* **Exercise requirements**
Please copy out the lines in the entries that contain "with".

* **Data supplied**
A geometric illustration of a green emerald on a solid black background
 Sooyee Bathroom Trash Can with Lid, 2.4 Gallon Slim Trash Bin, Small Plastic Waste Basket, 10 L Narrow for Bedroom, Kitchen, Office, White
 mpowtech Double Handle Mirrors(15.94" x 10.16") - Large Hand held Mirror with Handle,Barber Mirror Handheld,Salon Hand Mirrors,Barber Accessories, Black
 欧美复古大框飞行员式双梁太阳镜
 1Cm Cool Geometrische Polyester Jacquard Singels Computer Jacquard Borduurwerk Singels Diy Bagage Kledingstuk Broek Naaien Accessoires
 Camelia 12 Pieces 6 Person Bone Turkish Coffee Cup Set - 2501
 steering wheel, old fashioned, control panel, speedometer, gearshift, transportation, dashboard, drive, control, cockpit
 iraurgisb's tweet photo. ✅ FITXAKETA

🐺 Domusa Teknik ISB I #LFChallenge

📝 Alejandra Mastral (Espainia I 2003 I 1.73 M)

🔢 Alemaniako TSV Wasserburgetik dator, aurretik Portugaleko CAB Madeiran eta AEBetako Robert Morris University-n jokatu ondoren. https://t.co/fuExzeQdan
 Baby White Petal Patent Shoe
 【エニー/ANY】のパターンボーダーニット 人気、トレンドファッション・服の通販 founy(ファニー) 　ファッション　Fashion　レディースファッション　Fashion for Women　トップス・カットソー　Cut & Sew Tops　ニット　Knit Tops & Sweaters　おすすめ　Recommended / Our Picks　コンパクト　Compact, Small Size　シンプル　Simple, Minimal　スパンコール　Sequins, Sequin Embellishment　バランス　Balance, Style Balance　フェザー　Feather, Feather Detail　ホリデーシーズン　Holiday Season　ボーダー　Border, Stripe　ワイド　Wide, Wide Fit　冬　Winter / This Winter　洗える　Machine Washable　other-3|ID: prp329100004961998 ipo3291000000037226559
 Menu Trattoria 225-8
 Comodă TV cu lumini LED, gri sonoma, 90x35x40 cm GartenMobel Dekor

* **Solution to the problem**
 Sooyee Bathroom Trash Can with Lid, 2.4 Gallon Slim Trash Bin, Small Plastic Waste Basket, 10 L Narrow for Bedroom, Kitchen, Office, White
 mpowtech Double Handle Mirrors(15.94" x 10.16") - Large Hand held Mirror with Handle,Barber Mirror Handheld,Salon Hand Mirrors,Barber Accessories, Black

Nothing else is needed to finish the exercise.